9fans - fans of the OS Plan 9 from Bell Labs
 help / color / mirror / Atom feed
* Re: [9fans] bug in disk/format
@ 2002-05-26  4:13 rsc
  2002-05-26  5:11 ` Mike Haertel
  0 siblings, 1 reply; 12+ messages in thread
From: rsc @ 2002-05-26  4:13 UTC (permalink / raw)
  To: 9fans

I can't reproduce your problem.

Was this the first 9fat ever present on the disk?
Was there an earlier 9fat that you had mounted
before running the format and the remount?

The only thing I can think of is that you had run
9fat: earlier, so dossrv had the FATs in its
buffer cache.  When you reformatted, dossrv kept
using the old FATs, hence the breakage of
files on sector boundaries.

I found a different problem, though, which is
fixed on sources.  The amount of space required by
the FATs depends on the number of bits per FAT
entry, which depends on the number of FAT entries,
which depends on the amount of disk space left
over after subtracting out the space used by the FATs.

Oh, and if you somehow divine the number of bits
per FAT, the amount of space required by the FATs
still depends on the number of FAT entries still
depends on the number of clusters, which depends
on the amount of disk space left over after
subtracting out the space used by the FATs.
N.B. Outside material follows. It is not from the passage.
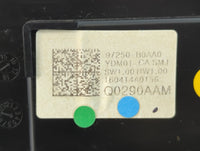 2017-2018 Kia Forte Climate Control Module Temperature AC/Heater Replacement P/N:Q0290AAM 97250-B0AA0 Fits Fits 2017 2018 OE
Before we had an approximation that didn't work
when you were close to the dividing line between
12-bit and 16-bit FAT entries (having an 8MB 9fat
would put you close enough to cause problems).
Now we just guess until we find a fixed point.

This isn't your problem, though -- this bug
makes reads fail much earlier than 55000 bytes
into the file.

Russ



^ permalink raw reply	[flat|nested] 12+ messages in thread

* Re: [9fans] bug in disk/format
  2002-05-26  4:13 [9fans] bug in disk/format rsc
@ 2002-05-26  5:11 ` Mike Haertel
  0 siblings, 0 replies; 12+ messages in thread
From: Mike Haertel @ 2002-05-26  5:11 UTC (permalink / raw)
  To: 9fans

>I can't reproduce your problem.
>
>Was this the first 9fat ever present on the disk?
>Was there an earlier 9fat that you had mounted
>before running the format and the remount?
>
>The only thing I can think of is that you had run
>9fat: earlier, so dossrv had the FATs in its
>buffer cache.  When you reformatted, dossrv kept
>using the old FATs, hence the breakage of
>files on sector boundaries.

Nope, I had already thought of that.  Watch this:

# take care to make sure there is no stale data in dossrv
term% kill dossrv | rc

# zero out the 9fat partition
term% dd -if /dev/zero -of '#S/sd01/9fat' -count 1
1+0 records in
1+0 records out
term% dd -if /dev/zero -of '#S/sd01/9fat' -seek 2
write: i/o error
20481+0 records in
20481+0 records out

# prove the 9fat partition contains nothing but the Plan 9 partition table
term% cat '#S/sd01/9fat'
part 9fat 0 20482
part fs 20482 16971204
part swap 16971204 17912412

# format the 9fat partition and install 9load et al.
# n.b. this is the same version of disk/format as my previous email.
term% disk/format -b /386/pbs -d -r 2 '#S/sd01/9fat' /386/9load /386/9pcdisk /tmp/plan9.ini
Initialising FAT file system
type hard, 10 tracks, 64 heads, 32 sectors/track, 512 bytes/sec
Adding file /386/9load, length 177320
Adding file /386/9pcdisk, length 1744105
Adding file /tmp/plan9.ini, length 185
used 1927168 bytes

# start up a fresh dossrv and look at the 9fat partition.
term% dossrv
dossrv: serving #s/dos
term% mount /srv/dos /n/9fat '#S/sd01/9fat'
term% cmp /n/9fat/9load /386/9load
term% cmp /n/9fat/9pcdisk /386/9pcdisk
/n/9fat/9pcdisk /386/9pcdisk differ: char 169985

But: Hmm, that's very interesting.  This time there is no cmp error
in 9load, but 9pcdisk still got copied incorrectly.  The error is at
a different offset than last time.

Just for good measure I tried the exact same sequence of commands
again, and got the exact same result: a cmp difference in 9pcdisk at
offset 169985.

Here is the md5 checksum of my /bin/disk/format binary: hopefully it
will be identical to what was on sources before your fix.  (Is there
a dump filesystem on sources that the rest of us can look at?)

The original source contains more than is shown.